世の中には、ヒトの数だけ「当たり前」ってヤツが存在するのが当たり前。

 比較的平均値に近い「当たり前」もあれば、とんでもない「当たり前」もある。

 これは当然のことだし、大げさに言うと偏った価値観だけで支配されてないってことだ。

 

 難しいのは、それぞれのヒトが自分の「当たり前」を普遍的価値、

 つまり誰が見ても「当たり前」のことである、と信じがちなことである。

 そして、特殊な「当たり前」を持っているヒトが、

 自分の「当たり前」を特殊だと気が付いていない場合に悲劇になることが多い。

 

 というのは、様々な理由で、それぞれの造り手には、出来ることと出来ないことがある。
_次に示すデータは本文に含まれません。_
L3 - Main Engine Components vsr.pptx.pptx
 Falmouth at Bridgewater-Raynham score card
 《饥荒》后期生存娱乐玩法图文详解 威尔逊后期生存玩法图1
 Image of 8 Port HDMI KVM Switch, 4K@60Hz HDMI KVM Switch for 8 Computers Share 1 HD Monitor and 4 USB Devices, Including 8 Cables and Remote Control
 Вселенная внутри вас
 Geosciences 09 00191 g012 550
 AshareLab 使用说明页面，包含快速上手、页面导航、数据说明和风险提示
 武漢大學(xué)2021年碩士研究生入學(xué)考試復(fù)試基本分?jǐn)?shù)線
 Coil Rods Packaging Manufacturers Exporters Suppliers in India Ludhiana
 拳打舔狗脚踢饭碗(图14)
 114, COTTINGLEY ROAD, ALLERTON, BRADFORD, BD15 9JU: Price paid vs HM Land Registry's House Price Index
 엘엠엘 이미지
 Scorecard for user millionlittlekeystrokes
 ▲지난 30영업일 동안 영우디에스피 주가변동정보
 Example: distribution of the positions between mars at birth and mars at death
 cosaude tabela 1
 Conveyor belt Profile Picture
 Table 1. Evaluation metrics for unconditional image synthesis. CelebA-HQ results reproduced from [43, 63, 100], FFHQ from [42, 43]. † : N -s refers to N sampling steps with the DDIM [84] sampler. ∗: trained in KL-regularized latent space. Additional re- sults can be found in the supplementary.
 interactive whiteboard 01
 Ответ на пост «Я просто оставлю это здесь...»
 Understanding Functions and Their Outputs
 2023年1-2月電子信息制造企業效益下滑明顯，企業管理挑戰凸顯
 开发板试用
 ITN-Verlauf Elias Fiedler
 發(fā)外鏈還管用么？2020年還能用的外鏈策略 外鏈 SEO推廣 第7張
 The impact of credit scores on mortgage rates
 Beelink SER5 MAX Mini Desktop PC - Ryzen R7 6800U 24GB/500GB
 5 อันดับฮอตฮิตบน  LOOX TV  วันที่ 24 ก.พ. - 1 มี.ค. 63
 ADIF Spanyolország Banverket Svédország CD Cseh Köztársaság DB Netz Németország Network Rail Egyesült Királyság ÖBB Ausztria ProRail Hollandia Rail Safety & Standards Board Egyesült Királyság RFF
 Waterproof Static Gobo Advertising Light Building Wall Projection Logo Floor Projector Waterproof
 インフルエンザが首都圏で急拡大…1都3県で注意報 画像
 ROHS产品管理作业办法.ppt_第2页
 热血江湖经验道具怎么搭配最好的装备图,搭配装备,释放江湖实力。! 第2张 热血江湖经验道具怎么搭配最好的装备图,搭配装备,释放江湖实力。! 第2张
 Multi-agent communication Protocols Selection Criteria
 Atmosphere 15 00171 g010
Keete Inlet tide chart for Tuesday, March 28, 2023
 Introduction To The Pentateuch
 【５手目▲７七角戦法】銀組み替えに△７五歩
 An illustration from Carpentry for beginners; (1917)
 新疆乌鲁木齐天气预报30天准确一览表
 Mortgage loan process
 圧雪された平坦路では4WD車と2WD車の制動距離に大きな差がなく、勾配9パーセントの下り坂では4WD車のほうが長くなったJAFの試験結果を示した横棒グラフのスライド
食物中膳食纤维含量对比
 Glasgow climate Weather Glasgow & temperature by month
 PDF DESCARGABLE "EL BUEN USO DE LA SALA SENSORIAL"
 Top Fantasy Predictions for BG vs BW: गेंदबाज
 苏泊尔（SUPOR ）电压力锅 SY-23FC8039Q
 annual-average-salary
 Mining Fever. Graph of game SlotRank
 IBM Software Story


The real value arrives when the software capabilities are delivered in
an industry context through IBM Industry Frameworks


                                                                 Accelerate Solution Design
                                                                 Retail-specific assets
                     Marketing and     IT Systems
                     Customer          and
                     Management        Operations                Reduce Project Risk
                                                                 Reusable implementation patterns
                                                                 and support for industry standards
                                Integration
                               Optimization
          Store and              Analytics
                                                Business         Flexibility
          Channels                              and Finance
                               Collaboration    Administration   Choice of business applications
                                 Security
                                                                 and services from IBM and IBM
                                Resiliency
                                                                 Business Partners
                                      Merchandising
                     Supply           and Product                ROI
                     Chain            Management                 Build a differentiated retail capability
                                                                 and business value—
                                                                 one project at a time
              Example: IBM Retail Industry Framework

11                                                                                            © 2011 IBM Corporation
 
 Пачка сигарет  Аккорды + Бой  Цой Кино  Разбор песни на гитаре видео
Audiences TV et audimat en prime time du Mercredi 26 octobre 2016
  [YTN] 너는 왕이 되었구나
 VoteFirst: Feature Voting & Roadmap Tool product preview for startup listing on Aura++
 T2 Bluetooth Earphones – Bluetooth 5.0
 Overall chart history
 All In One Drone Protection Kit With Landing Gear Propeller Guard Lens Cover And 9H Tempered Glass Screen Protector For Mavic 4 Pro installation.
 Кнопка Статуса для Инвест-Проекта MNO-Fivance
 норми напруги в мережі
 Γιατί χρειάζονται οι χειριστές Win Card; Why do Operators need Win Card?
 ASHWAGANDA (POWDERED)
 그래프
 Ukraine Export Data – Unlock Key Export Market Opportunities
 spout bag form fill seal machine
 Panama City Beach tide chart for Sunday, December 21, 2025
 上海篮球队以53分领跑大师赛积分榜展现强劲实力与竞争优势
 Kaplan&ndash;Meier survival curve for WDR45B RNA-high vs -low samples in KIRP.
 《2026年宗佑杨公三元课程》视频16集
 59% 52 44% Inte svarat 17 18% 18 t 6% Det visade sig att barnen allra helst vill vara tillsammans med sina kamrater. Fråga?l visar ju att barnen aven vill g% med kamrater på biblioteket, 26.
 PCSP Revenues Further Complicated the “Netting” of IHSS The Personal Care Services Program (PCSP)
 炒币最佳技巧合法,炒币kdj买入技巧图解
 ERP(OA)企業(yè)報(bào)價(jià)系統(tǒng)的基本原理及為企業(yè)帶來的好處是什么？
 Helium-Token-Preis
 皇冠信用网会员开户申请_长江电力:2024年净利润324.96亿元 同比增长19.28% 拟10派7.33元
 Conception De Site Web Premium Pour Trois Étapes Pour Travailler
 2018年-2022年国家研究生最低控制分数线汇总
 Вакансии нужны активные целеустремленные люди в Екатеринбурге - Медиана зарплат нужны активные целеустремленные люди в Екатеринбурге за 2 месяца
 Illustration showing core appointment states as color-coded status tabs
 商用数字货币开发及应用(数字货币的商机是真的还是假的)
 それが世間に伝わっていないから、雑誌に載っている建築家の造った家の写真を持って、

 近くのメーカーさんに行くヒトが珍しくない、ということになる。

 どこに頼んでも能力は同じ、という無意識の前提があるから、

 こういうことになってしまうのだと思うのだが、

 残念ながら美容院で髪型を注文するように簡単にはいかないのが建物。閑話休題。

 

 それぞれの「当たり前」である要望が、依頼先に出来ることであれば問題にはならないのだが、

 それが違った場合「出来ません」という答えが返ってくることになるか、

 知識も無いのにご要望だからと無理をして、後で問題が出てくるかのどちらかになる。

 どちらにしても、あこがれた写真のような家にはならないし、出来ない事が解った時には、アトノマツリ。

 

 だからこそ、十分な打ち合わせとそれに費やす費用が必要と言うのだ。

 打ち合わせの時に質問をすると、「なんでそんな当然の事を聞くのか?」って顔をされる場合もあるが、

 どういう「当たり前」を持っておられるのかってことを確認する必要があるからであり、

 想像以上に、変わった「当たり前」を持っているヒトが珍しくないって事でもあるのデスヨ。